27 marca 2015 r. prokurator Oddziałowej Komisji Ścigania Zbrodni przeciwko Narodowi Polskiemu w Rzeszowie  skierował do Sądu Rejonowego w Nisku akt oskarżenia przeciwko byłemu Szefowi Powiatowego Urzędu Bezpieczeństwa Publicznego w Nisku Franciszkowi W., zarzucając mu dopuszczenie się w okresie od 20 sierpnia 1950 r. do 31 października 1951 r. w Nisku podczas i w związku z urzędowaniem 33 zbrodni komunistycznych, będących  jednocześnie zbrodniami przeciwko ludzkości.

14 spośród tych zbrodni polegało na przekroczeniu swej władzy poprzez przetrzymywanie w areszcie: Michała K., Jana J., Andrzeja J., Antoniego S., Piotra M., Wojciecha R., Józefa Z., Anieli S., Antoniego K., Wincentego L., Julii M., Franciszki K., Wilhelma W. i Walentego S., mimo braku podstaw faktycznych i prawnych, bez postanowień prokuratora o tymczasowym aresztowaniu tych osób. Pozbawiono je wolności z powodu przynależności do świadków Jehowy.

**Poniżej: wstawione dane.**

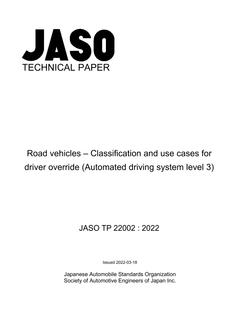 JSAE JASO TP 22002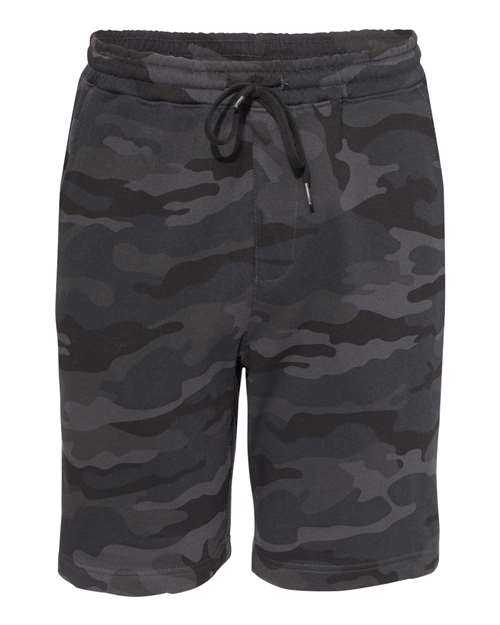 Independent Trading Co IND20SRT Midweight Fleece Shorts - Black Camo - HIT a Double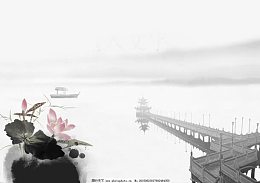 水墨西湖装饰免费下载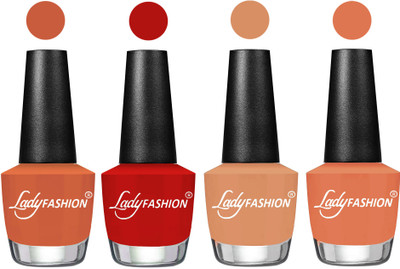 

Lady Fashion UV Soak Off Nail Growth Gel Nail Polish Almond, Orange, Camel Fantasy,Flirty Nude(Pack of 4)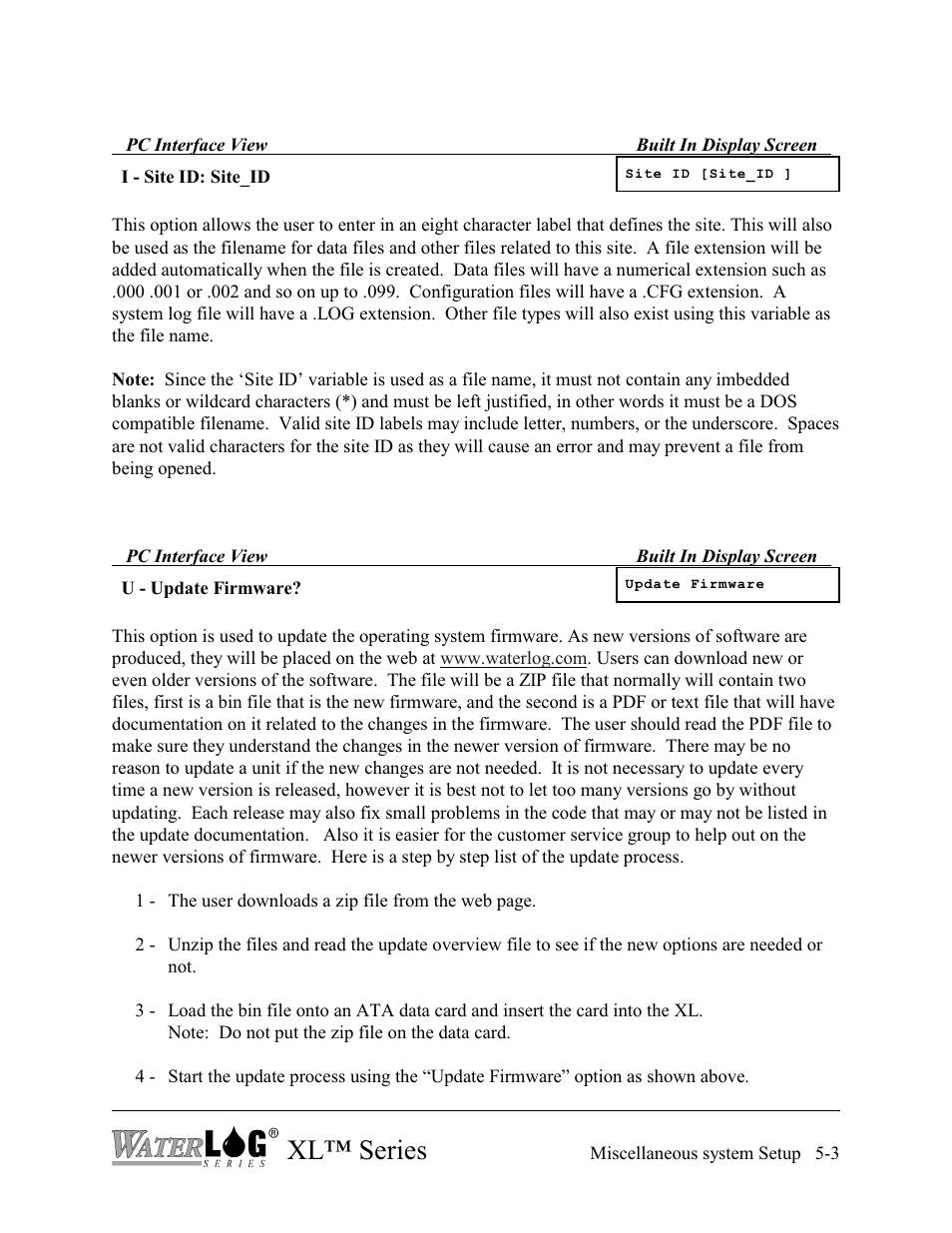 Xl™ series | Xylem XL Series H-522 - Plus User Manual | Page 49 / 272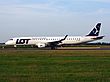 SP-LNE LOT - Polish Airlines Embraer ERJ-195LR (ERJ-190-200 LR) - cn 19000583, taxiing 22july2013 pic-004.JPG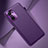 Soft Luxury Leather Snap On Case Cover QK2 for Xiaomi Mi 11i 5G Purple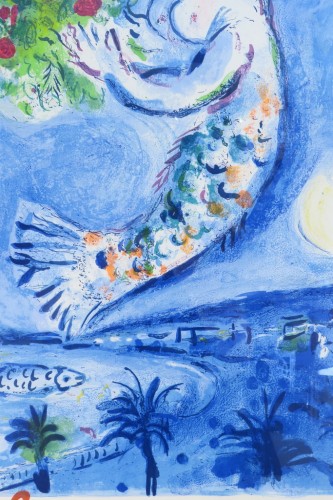 Antiquités - Marc Chagall - Affiche originale la Baie des Anges 1961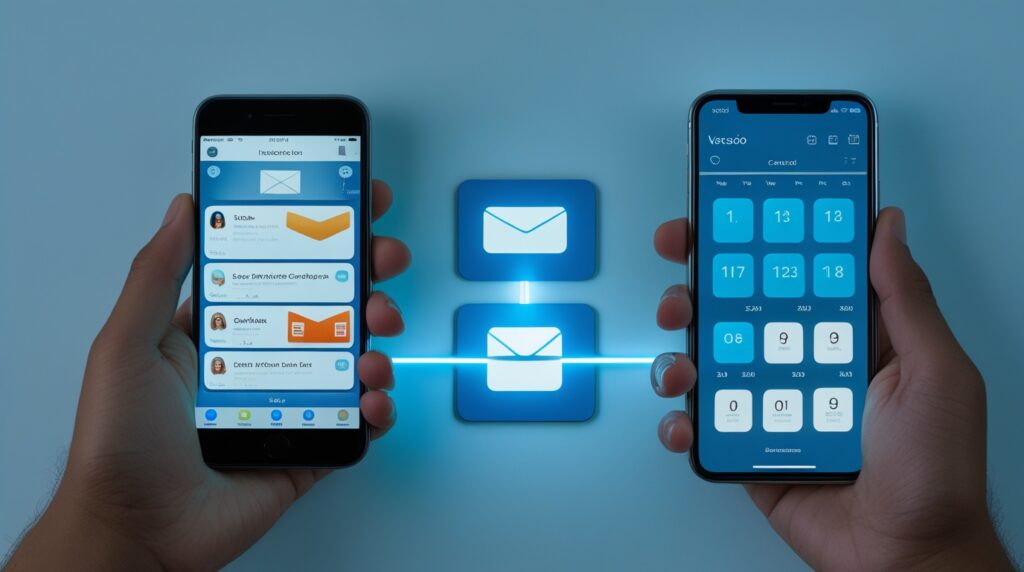 Sincronização de E-mails, Contatos e Calendários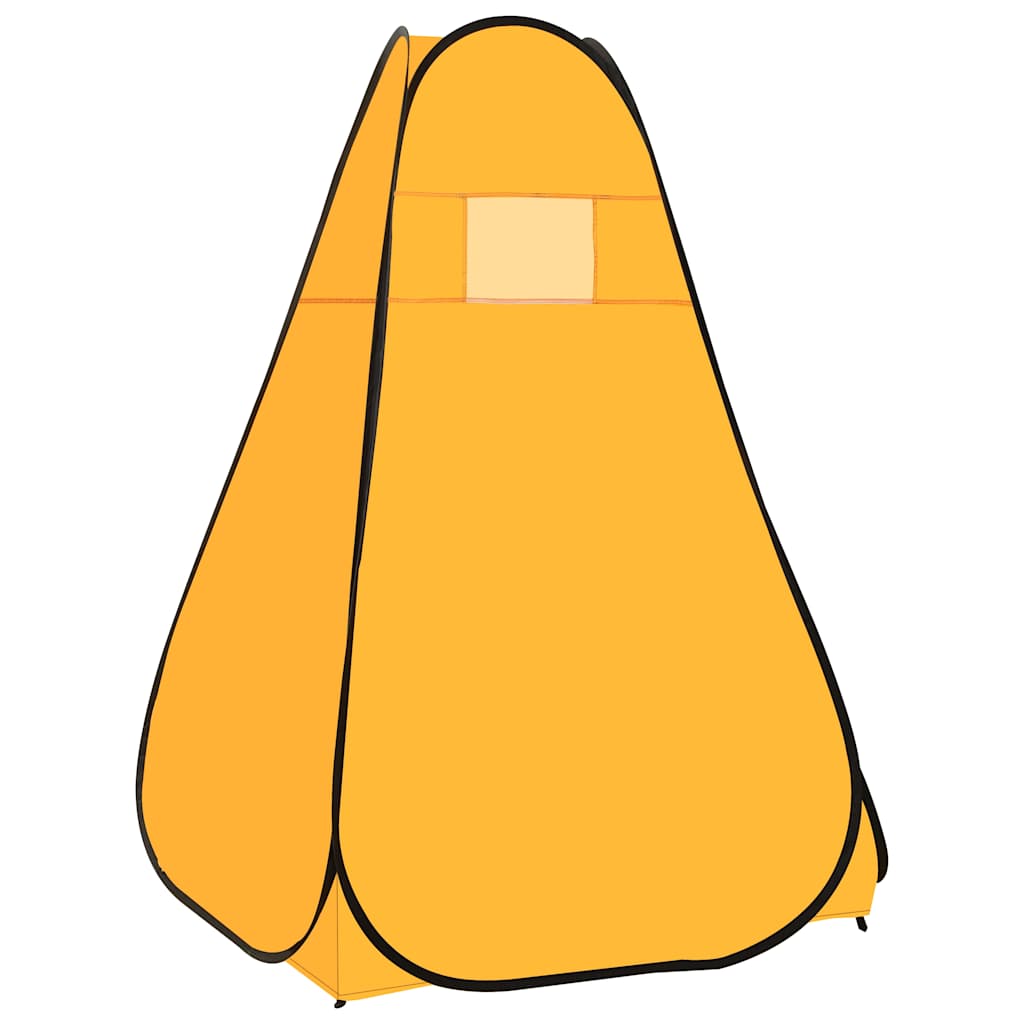vidaXL Pop Up Shower Tent Yellow 4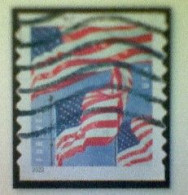 United States, Scott #5657-FORGERY, Used(o), 2022, Three Flags Definitive, (58¢) - Gebraucht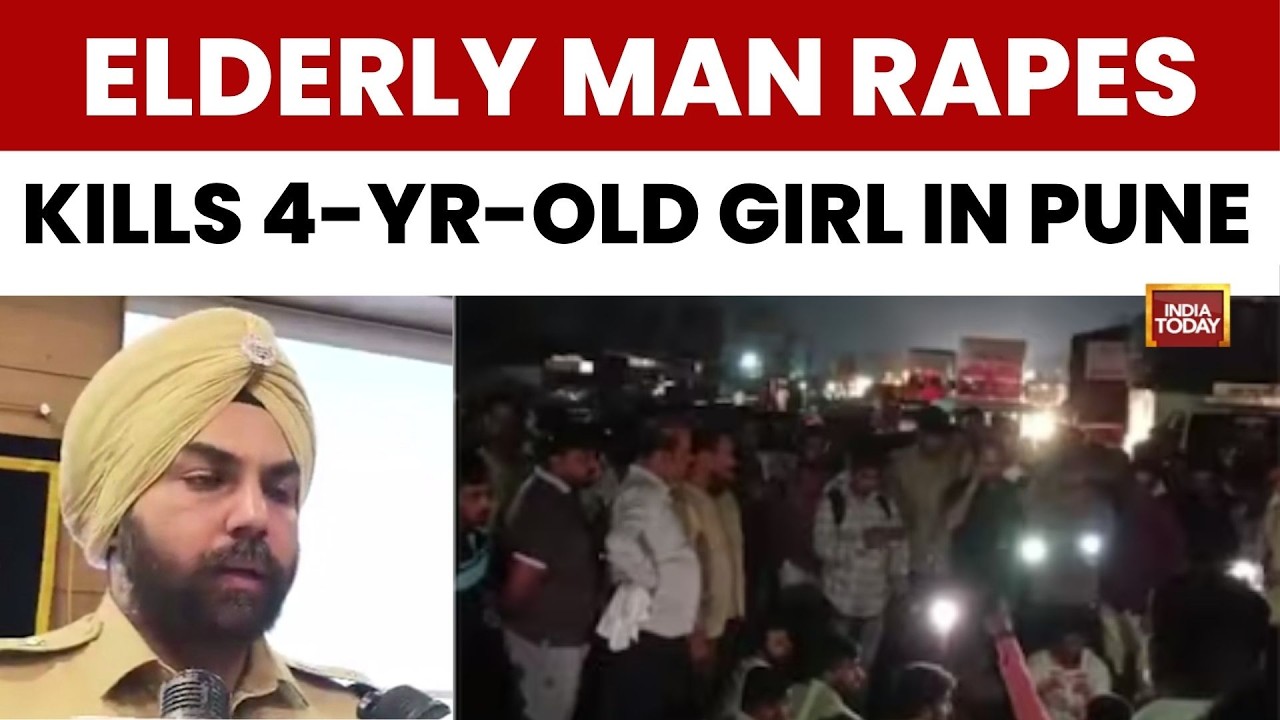Pune Shocker: 4-Year-Old Girl Sexually Assaulted, Murdered, Elderly Man Arrested | Crime News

17 spośród tych zbrodni polegało na przekroczeniu swej władzy poprzez przetrzymywanie w areszcie Józefa M., Katarzyny M., Marii P., Bronisławy K., Eugenii B., Juliana Z., Michała N., Mieczysława M., Antoniego U., Romana P., Mieczysława P., Kazimierza P., Stanisława Z., Mariana Ł., Stanisława W., Jana Ł. i Józefa S. bez postanowień o tymczasowym aresztowaniu tych osób. Pozbawiono je wolności z powodu przynależności do grup politycznych dążących do odzyskania przez Polskę niepodległości.

1 zbrodnia zarzucania Franciszkowi W. polegała na przekroczeniu swej władzy wspólnie i w porozumieniu z nieustalonymi co do liczby i tożsamości podległymi mu funkcjonariuszami Powiatowego Urzędu Bezpieczeństwa Publicznego w Nisku poprzez fizyczne i moralne znęcanie się nad przetrzymywanym w areszcie tego Urzędu Stanisławem W. w celu zmuszenia go do złożenia określonych wyjaśnień i przyznania się do popełnienia zarzucanych mu czynów. Znęcanie to polegało na zmuszaniu Stanisława W. w trakcie przesłuchania do wykonywania przysiadów, aż do całkowitej utraty przez niego przytomności, zaś podlegli Franciszkowi W. funkcjonariusze uderzali przesłuchiwanego wielokrotnie pięściami i kawałkami kabli oraz kopali po całym ciele. Franciszek W. nie udzielił mu wówczas pomocy, każąc umieścić go nieprzytomnego w piwnicy na węglu. W ten sposób Franciszek W. i podlegli mu funkcjonariusze prześladowali Stanisława W. z powodu jego przynależności do grupy politycznej dążącej do odzyskania przez Polskę niepodległości.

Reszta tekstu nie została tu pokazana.